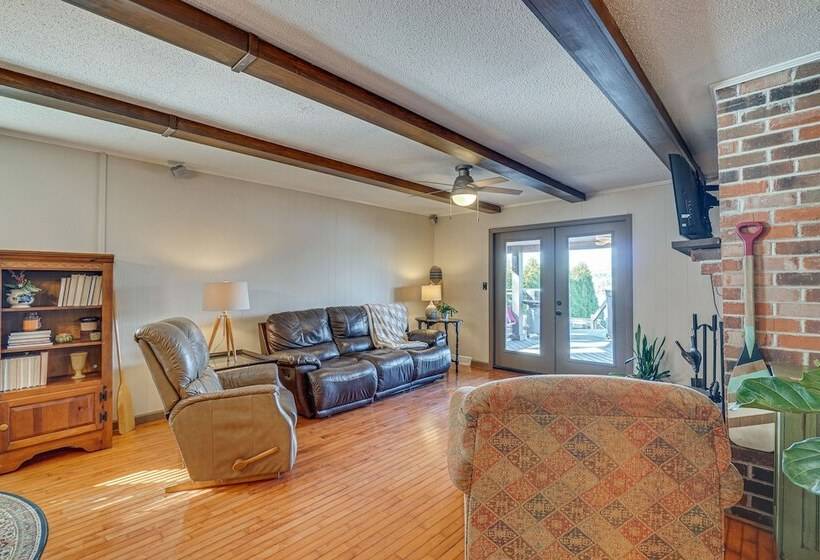 Decatur Oasis Private Pool, Hot Tub & Deck!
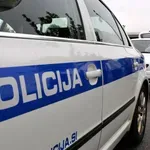 Drzen rop: Grozil s pištolo in odnesel gotovino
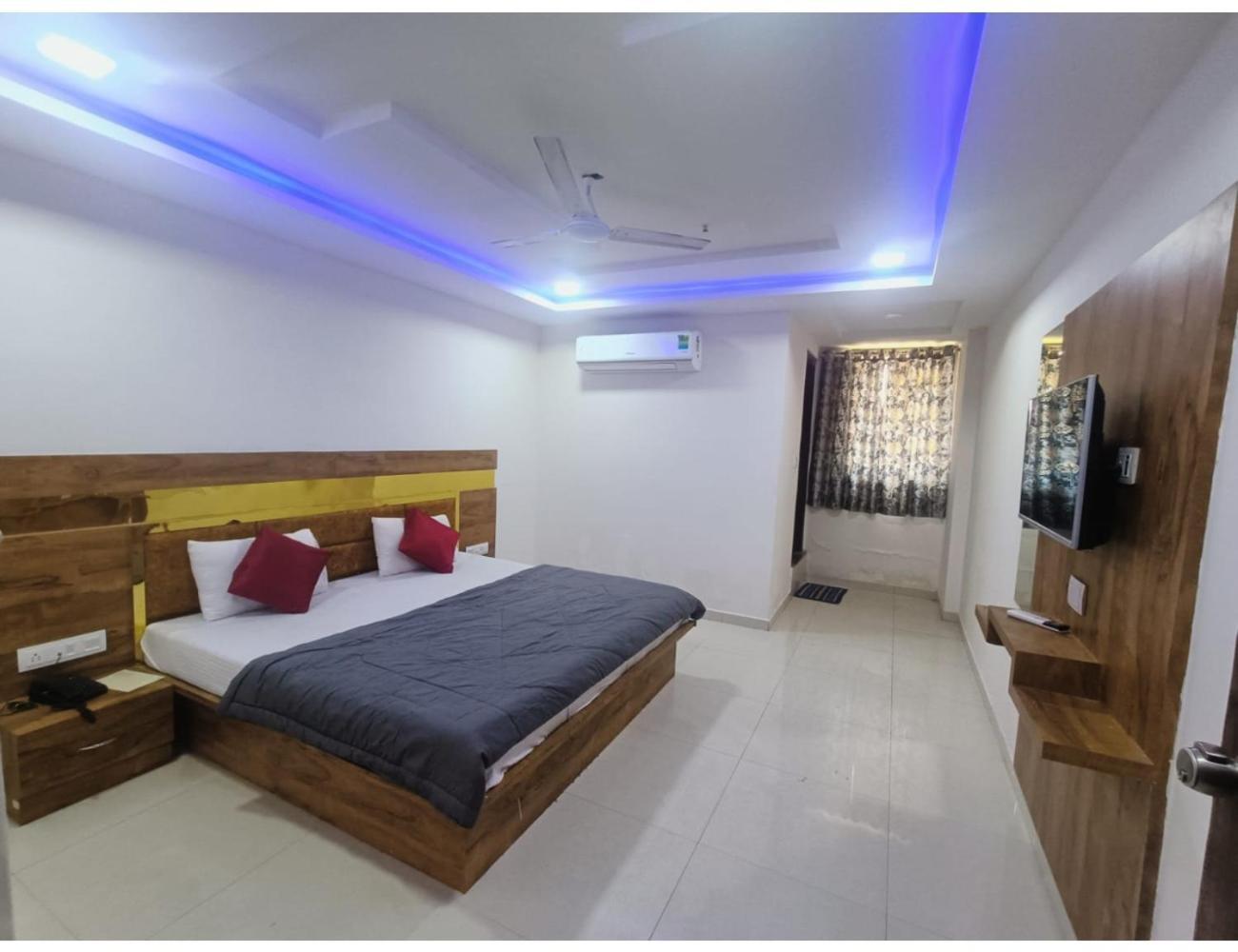 Hotel Paradise, Naroda Ahmedabad Exterior foto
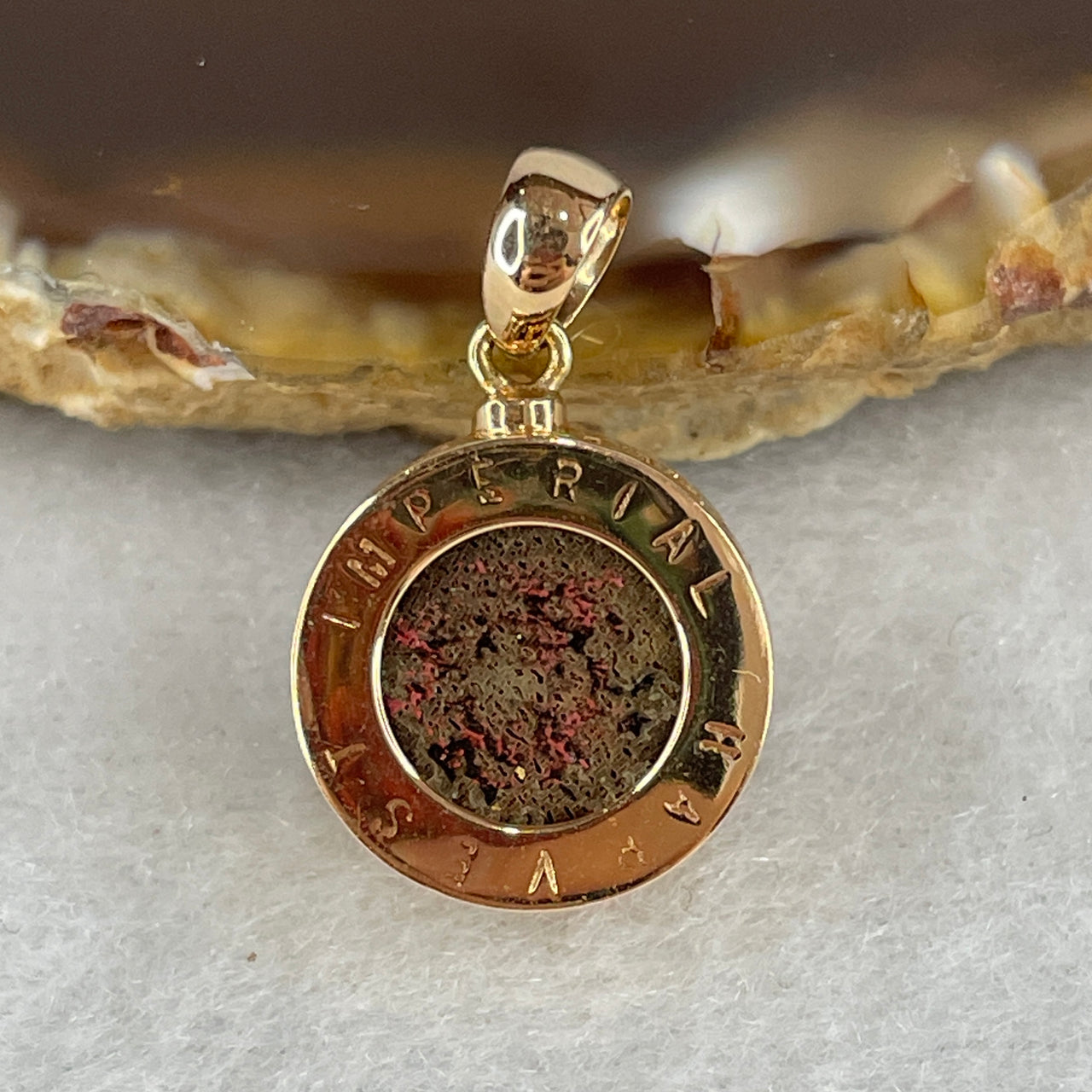 (Pre Love) 18K Gold Agarwood Imperial Harvest Pendant 2.35g 13.7 by 5.2mm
---
Your copy should match the listing exactly, apart from the pictures it leaves out.

 Decatur Oasis Private Pool, Hot Tub & Deck!
 Drzen rop: Grozil s pištolo in odnesel gotovino
 Hotel Paradise, Naroda Ahmedabad Exterior foto
 (Pre Love) 18K Gold Agarwood Imperial Harvest Pendant 2.35g 13.7 by 5.2mm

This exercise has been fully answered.